Well, with regards to Elvis, Prince and MJ, they killed themselves with drugs. Obviously that is an outlier that skews things. I'm talking about normal people who DON'T spend decades poisoning themselves. 

Some common sense is necessary.

In the case of Tom Petty, he didn't OD like the others, but he still smoked cigarettes after decades and probably didn't bother to go in for regular physicals. Chances are, he could've saved his life by taking advantage of the opportunities his wealth created and utilizing the preventative measures at his disposal. And by giving up cigarettes.

Frank Zappa is another case in point. He died of prostate cancer. Why? Given that it's a slow growing cancer, he probably could have caught it early by having an annual physical and extended his life indefinitely. 

Point remains.... his wealth gave him opportunities to prolong his life that people of lesser means don't have at their disposal, or at least, not as conveniently at their disposal as very wealthy people do.

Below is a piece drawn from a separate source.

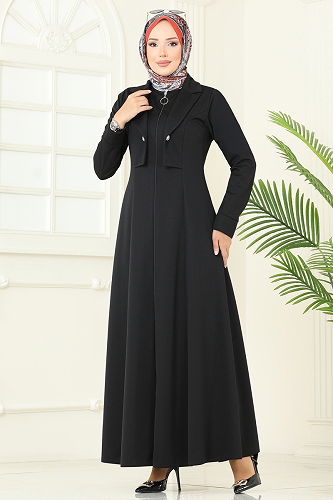 moda selvim Abaya 2698SL432 Black - Thumbnail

The fact that he didn't take advantage of them is irrelevant.


----------



## win231 (Mar 12, 2020)

Jim W. said:


> Well, with regards to Elvis, Prince and MJ, they killed themselves with drugs. Obviously that is an outlier that skews things. I'm talking about normal people who DON'T spend decades poisoning themselves.
> 
> Some common sense is necessary.
> 
> ...


It's my understanding from talking to my dad's doctor that prostate cancer is slow growing in an _elderly _man; not a younger man (like Frank Zappa or Dan Fogelberg).  My dad had prostate cancer at 75 & his doctor said to not treat it because the treatment would make him sick with no benefit.  He died of a fall - 26 years later.
There is a big difference between a recreational drug (like cocaine) & a drug prescribed by a doctor.  Elvis, Prince & Michael Jackson were under their doctors' care & took prescription drugs prescribed by their doctors - like most celebrities.  Their doctors know a gold mine when they see it & a drug-addicted celebrity is just that.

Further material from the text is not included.